_PROMPT_. With all pictures excluded, restate the records that follow exactly as written.
───── EXCERPTED RECORDS ─────
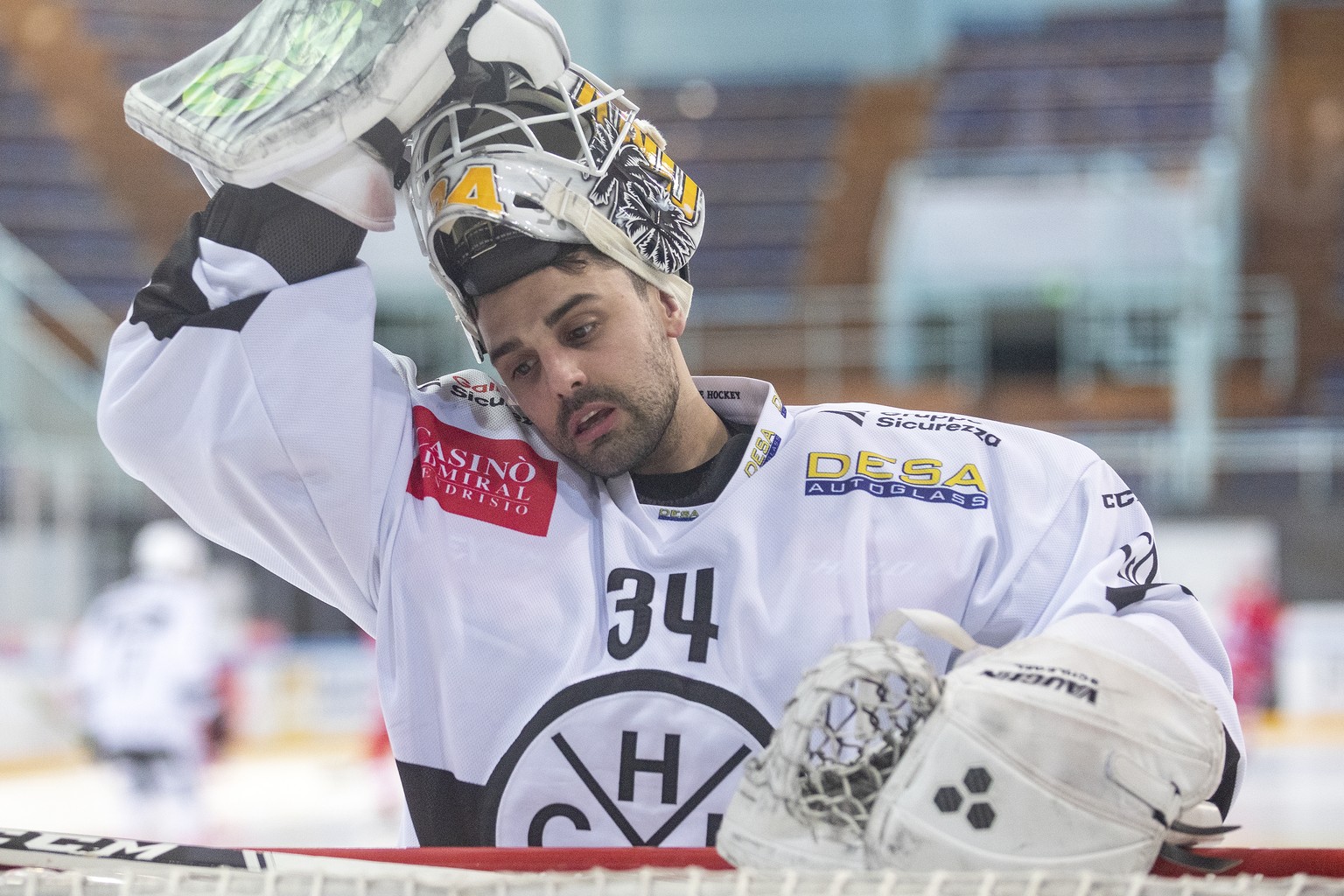 Luganos Torhueter Niklas Schlegel im Eishockey Spiel der National League zwischen den Rapperswil Jona Lakers und dem HC Lugano am Montag, 28. Dezember 2020, in der St. Galler Kantonalbank Arena in Rap ...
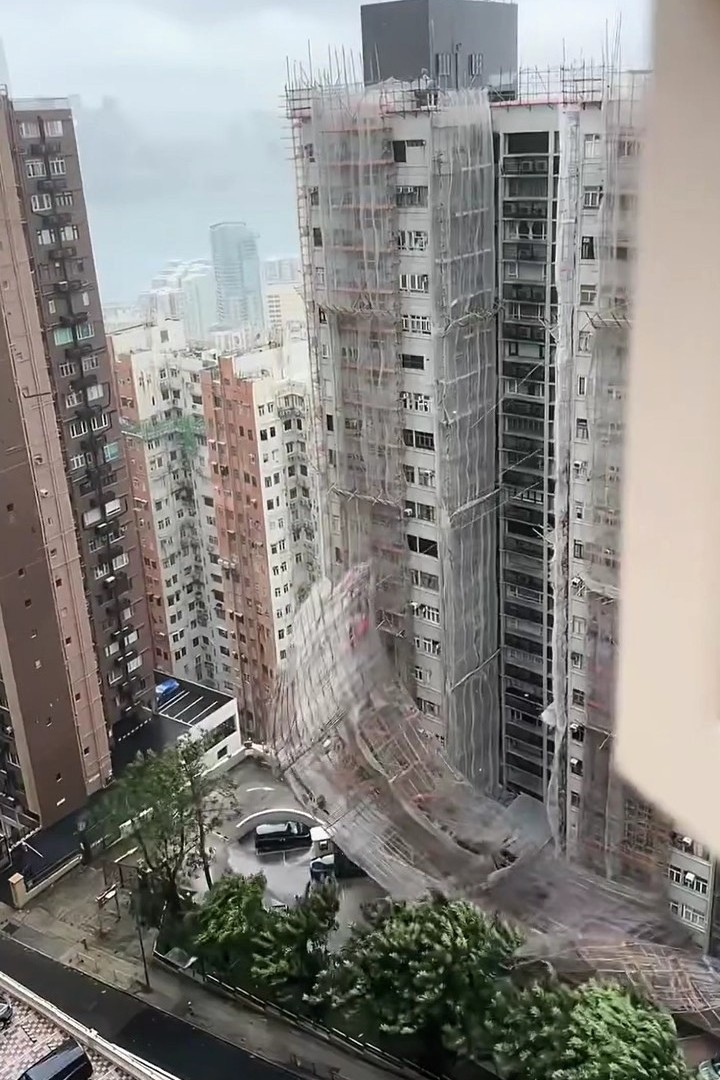 During the passage of Wipha, a 40 m by 10 m exterior scaffolding of a building in North Point collapsed, damaging a number of vehicles parked in the housing estate. (Courtesy of Bruce Li)
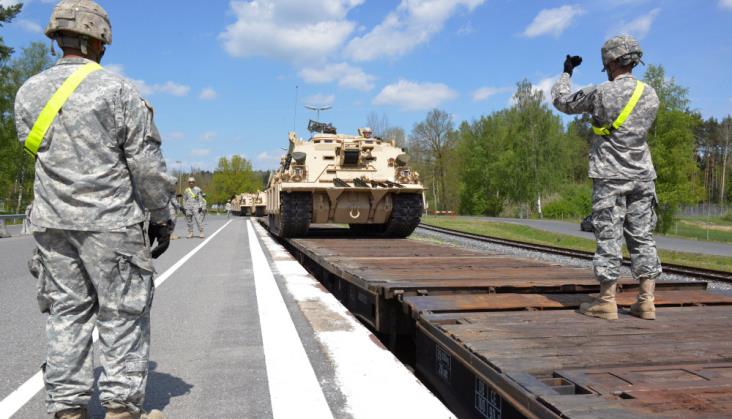 PKP PLK: Rampy dla Abramsów powstaną przy 13 stacjach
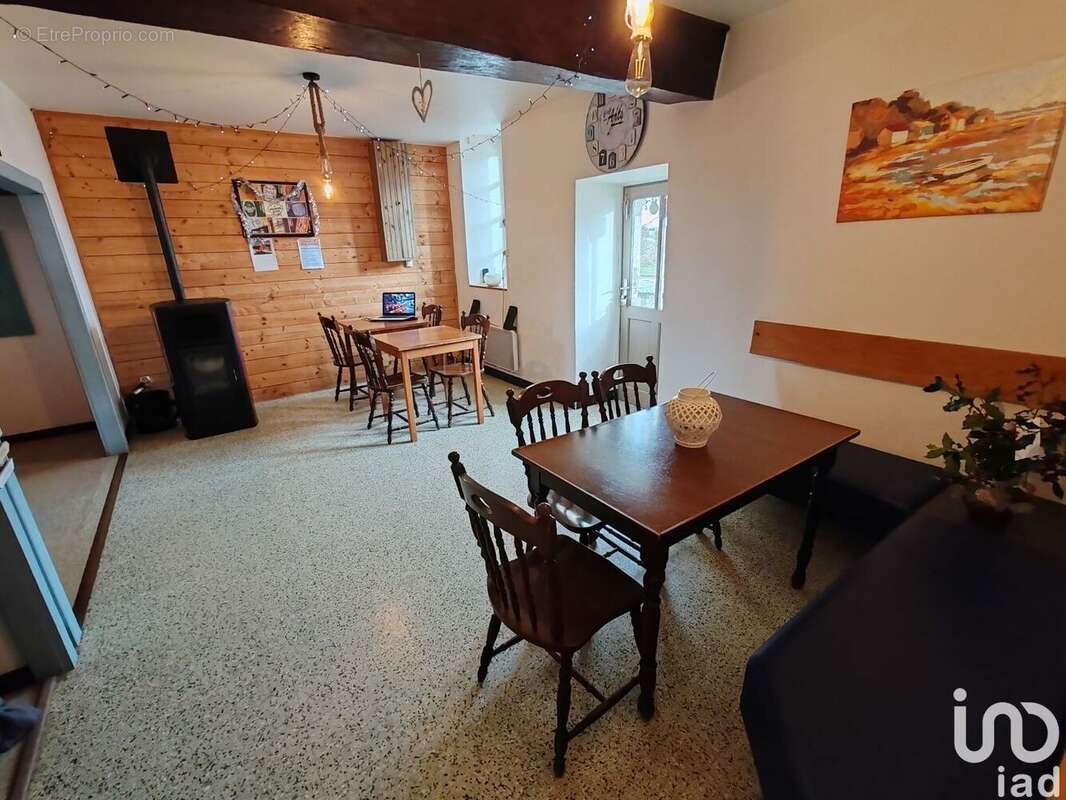 Photo 4 - Commerce à AUTRY-ISSARDS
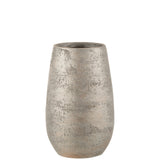 Vase J-Line entouré de fleurs, ambiance élégante
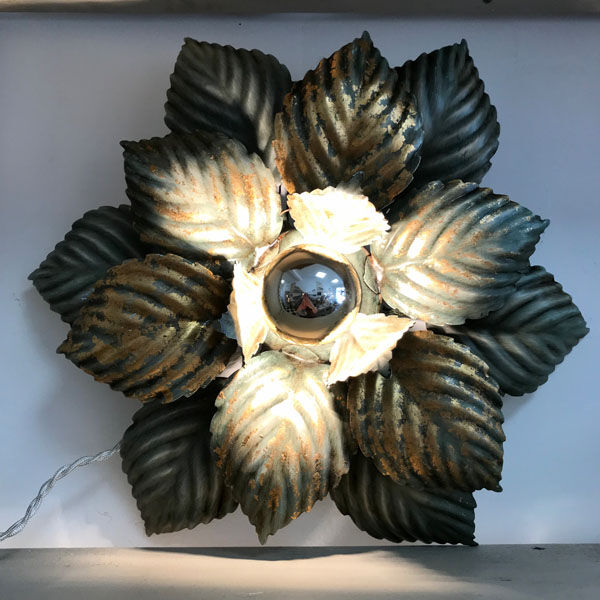 Green and gold flower wall lamp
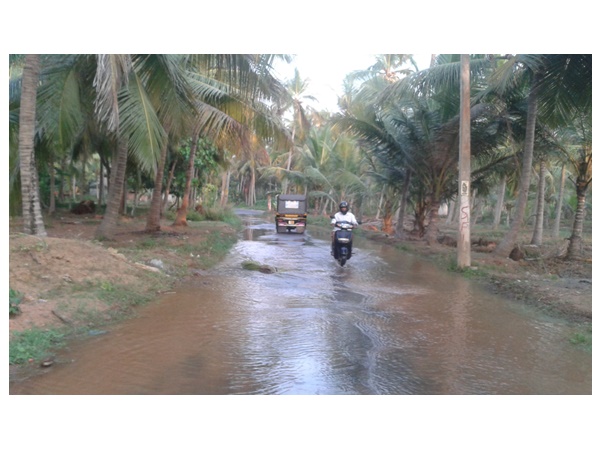 കുടിവെള്ളം കിട്ടാകനി;  വടകരയിൽ പൈപ്പ് പൊട്ടി വെളളം പാഴാകുന്നു; ശുദ്ധജല വിതരണം അവതാളത്തിൽ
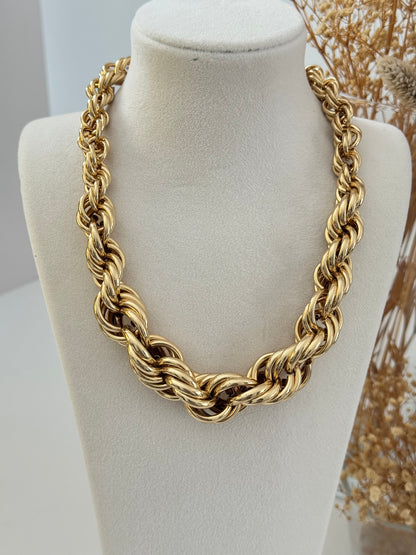 BURGU DETAYLI GOLD KOLYE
─────
_ANSWER SPACE_.
 Luganos Torhueter Niklas Schlegel im Eishockey Spiel der National League zwischen den Rapperswil Jona Lakers und dem HC Lugano am Montag, 28. Dezember 2020, in der St. Galler Kantonalbank Arena in Rap ...
 During the passage of Wipha, a 40 m by 10 m exterior scaffolding of a building in North Point collapsed, damaging a number of vehicles parked in the housing estate. (Courtesy of Bruce Li)
 PKP PLK: Rampy dla Abramsów powstaną przy 13 stacjach
 Photo 4 - Commerce à AUTRY-ISSARDS
 Vase J-Line entouré de fleurs, ambiance élégante
 Green and gold flower wall lamp
 കുടിവെള്ളം കിട്ടാകനി;  വടകരയിൽ പൈപ്പ് പൊട്ടി വെളളം പാഴാകുന്നു; ശുദ്ധജല വിതരണം അവതാളത്തിൽ
 BURGU DETAYLI GOLD KOLYE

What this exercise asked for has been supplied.